L’écriture du film est intervenue suite à la mort de Carolyn Cronenberg, épouse et collaboratrice du cinéaste, en 2017. Ce deuil, plutôt que d’offrir une clé de compréhension, donne au film une coloration très personnelle, et éclaire l’émotion qui l’irrigue en profondeur.

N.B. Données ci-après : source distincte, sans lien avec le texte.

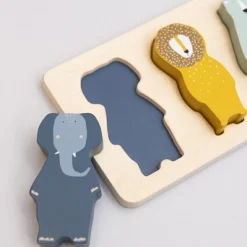 Puzzle à encastrement en bois Animaux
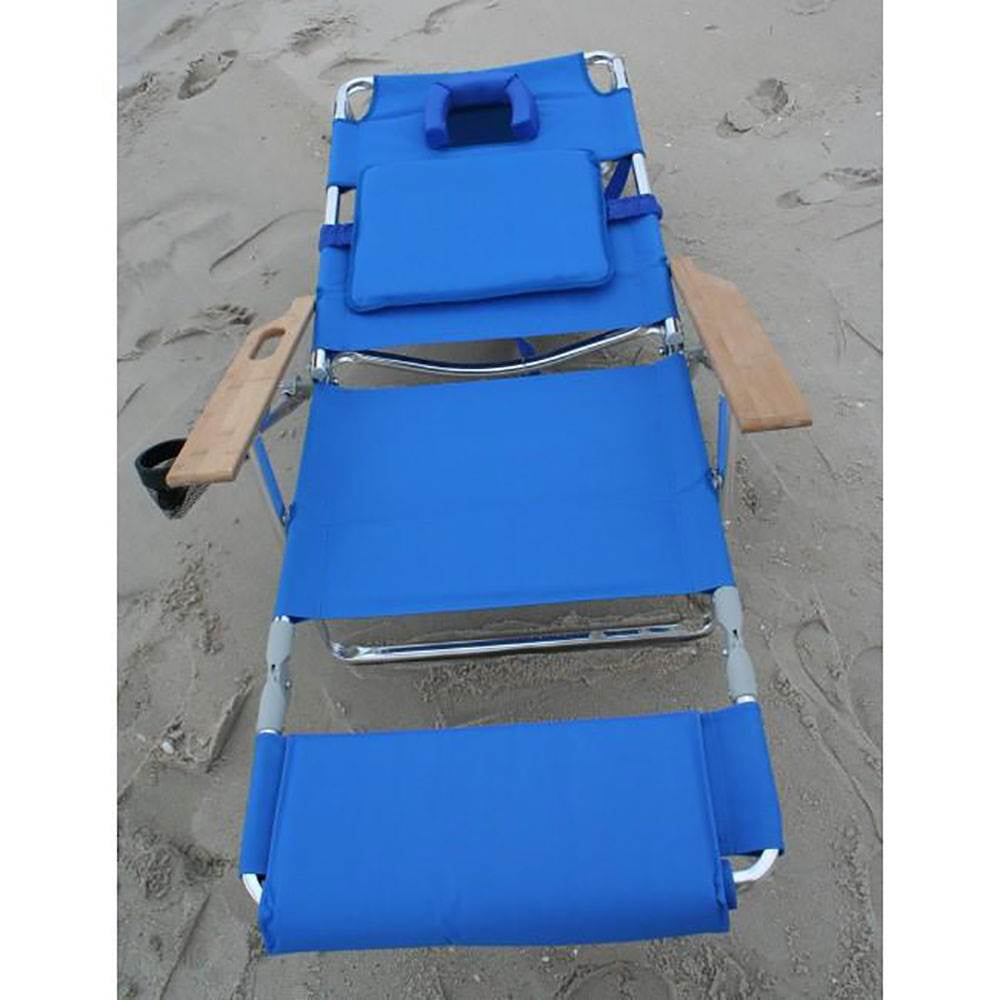 Ostrich Reclining Aluminum Beach Chair - Blue
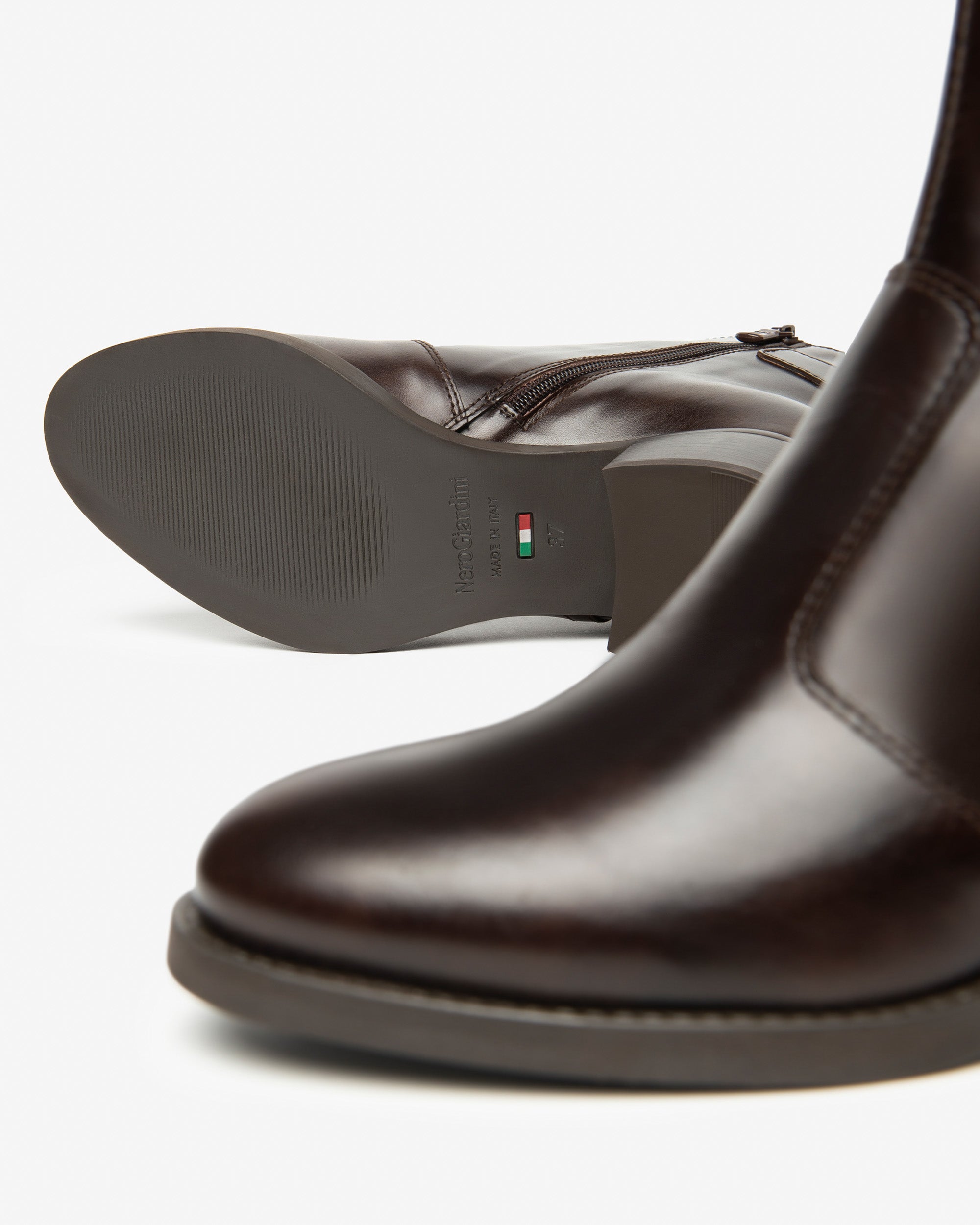 Damen-Stiefelette aus Leder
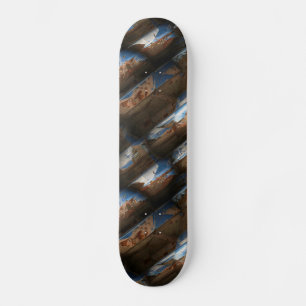 Skateboard Patines de Arte Metalizado Sci-Fi 2-5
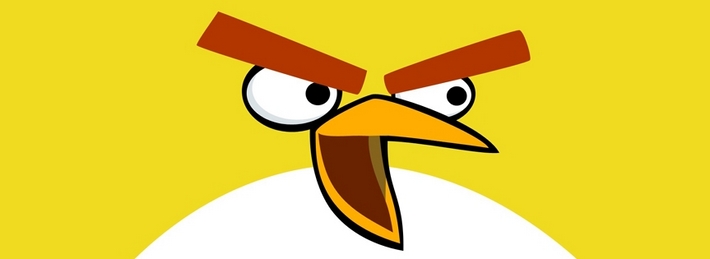 Yellow Bird in Angry Birds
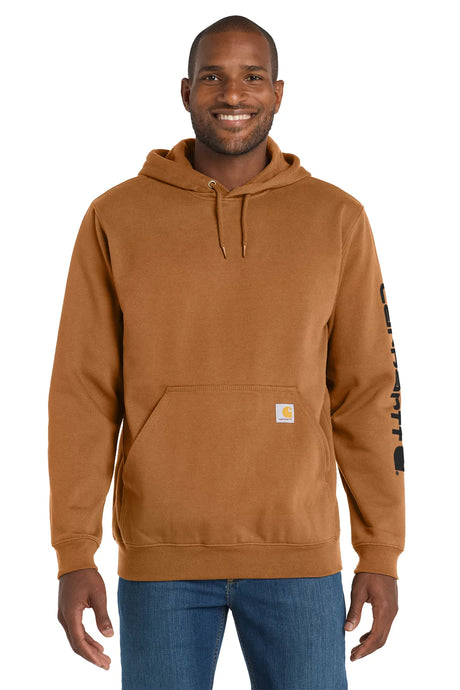 Carhartt® Midweight Hooded Logo Sweatshirt CTK288 carhartt brown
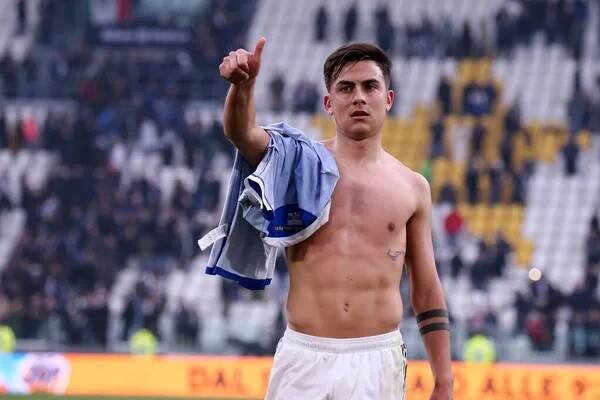 Torino, Itálie. 16. února2020. Italská Serie A. Juventus Fc vs Brescia Calcio. Paulo Dybala z Juventus FC. — Stock obrázek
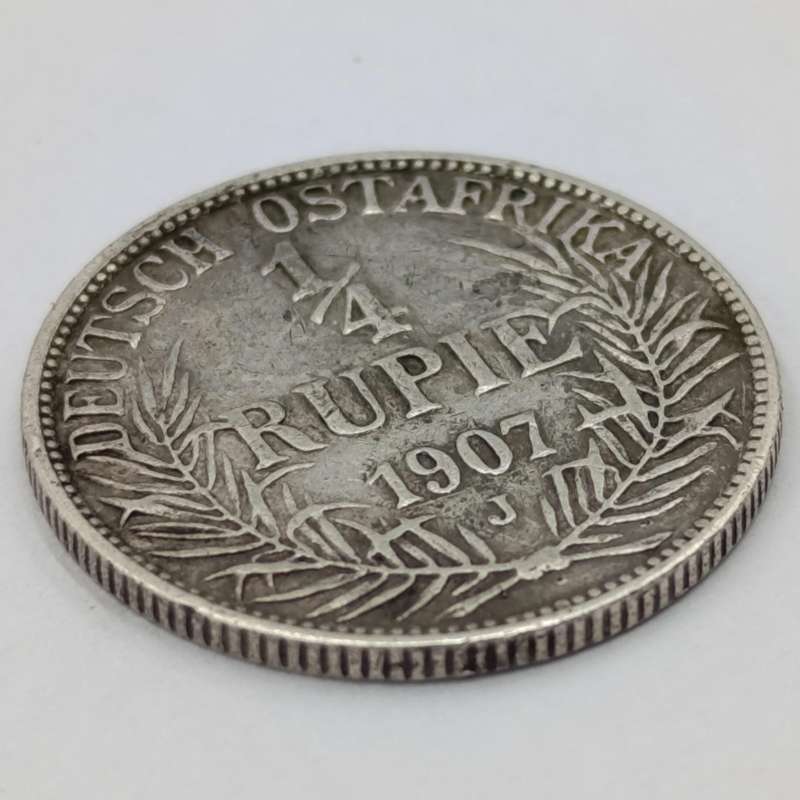 1907 J German East Africa 1/4 quarter Rupie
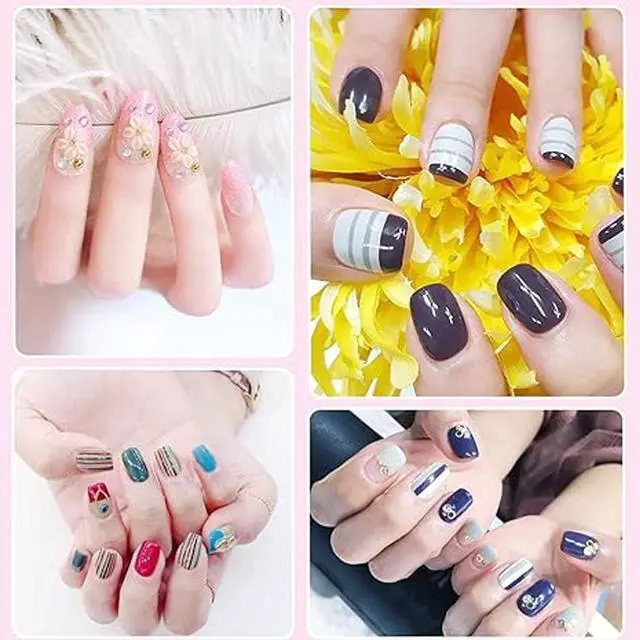 Alt view image 7 of 7 - Nail Art Tools 22-piece Set, Resin Nail Art Palette, 2-way Acrylic Silicone Engraving Pen Dotting Pen Tools Nail Art Kit for Nail Art DIY Home Salon Makeup Display Board, pink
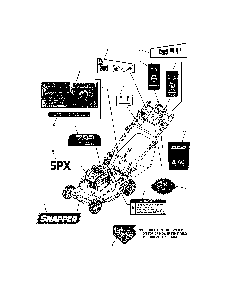Part Location Diagram of 7103970 Snapper Decal, Battery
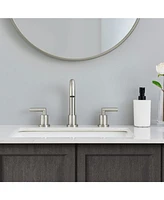 Slickblue 2-Handle Brushed Nickel Bathroom Sink Faucet Sleek and Stylish Bathroom Fixture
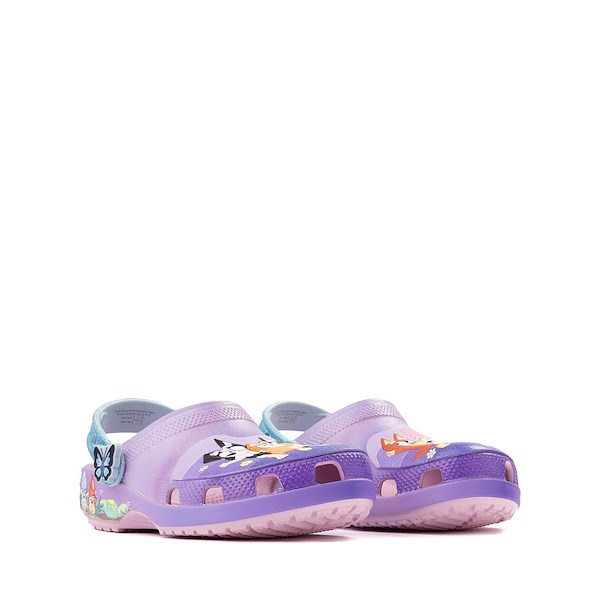 alternate view Bluey Crocs Classic Clog - Little Kid / Big Kid - PinkALT5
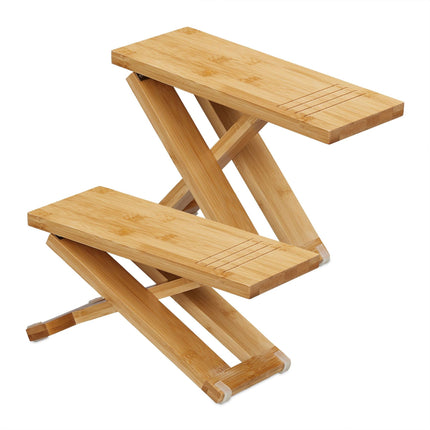 Folding toilet seat 2-piece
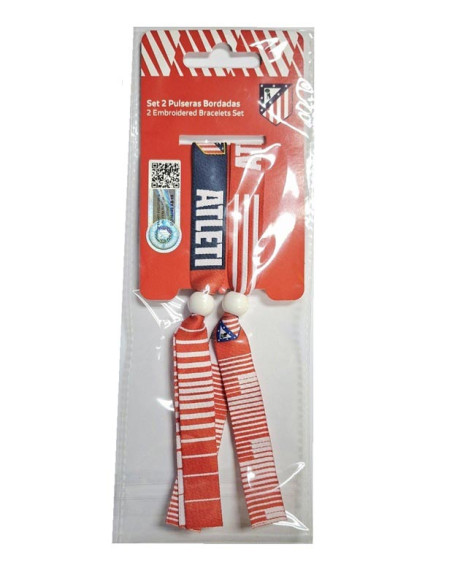 Atlético Madrid Pack 2 pulseras de tela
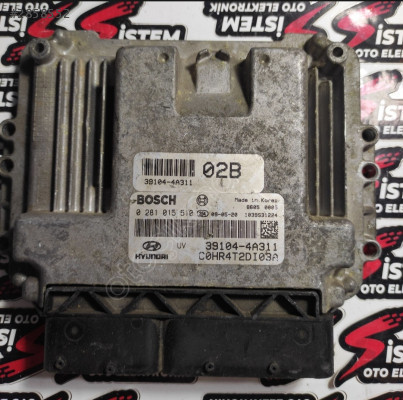 Hyundai Kia Motor Beyni 0281015510 39104-4A311 EDC16C39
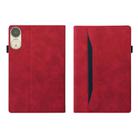 For Honor Pad V9 Splicing Shockproof Leather Tablet Case(Red) - 2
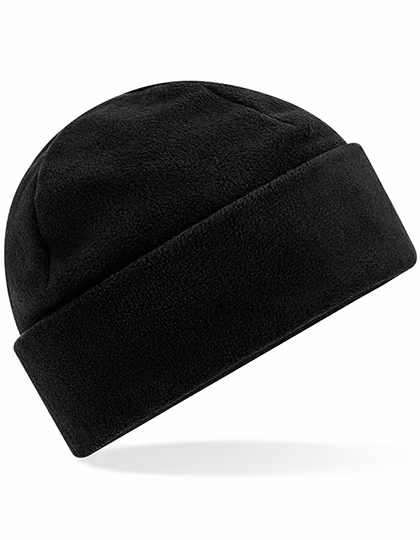 Beechfield Recycelte Fleece Beanie mit Umschlag, Mustard One Size, CB243R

Si personnelle, d’ailleurs, que Vincent Cassel, dix-sept ans après Les Promesses de l’ombre (2007), compose un héros qui, silhouette élancée et toison argentée, ressemble presque trait pour trait à Cronenberg. Karsh, riche entrepreneur de Toronto, entre autres de pompes funèbres high-tech, ne se remet pas de la mort de sa femme, Rebecca (Diane Kruger). En conséquence, il a mis au point un système de tombe connectée, qu’il commercialise dans son parc de cimetières équipés. Au cœur de cette technologie, un linceul équipé de capteurs prend une image par contact du corps enseveli, retransmise sur un écran intégré à la pierre tombale. L’ingénieur inconsolé peut ainsi suivre au jour le jour la décomposition du cadavre adoré : la relation se perpétue au-delà de la mort, pour un corps qui continue de se transformer. Mais Karsh observe bientôt à la surface du squelette la formation d’étranges nodules qui l’alertent sur l’intégrité de la dépouille.
Complot cybernétique
A ce postulat aussi tordu que stimulant, interrogeant sur un mode prométhéen le complexe du deuil impossible et du désir nécrophile, se greffe une autre intrigue de type paranoïaque. Un matin, Karsh découvre que plusieurs de ses tombes, dont celle de sa femme, ont été non seulement vandalisées, mais piratées, et converties en système de surveillance. L’enquête le mène sur la piste d’un obscur complot cybernétique, impliquant des intérêts divergents (un oncologue rival ou des militants écologistes hostiles à ses innovations technologiques), voire des puissances étrangères (Chine ? Russie ?). Chaque pas accompli le renvoie à un même centre aveugle : la personnalité trouble de Rebecca, qui comportait beaucoup de zones d’ombre.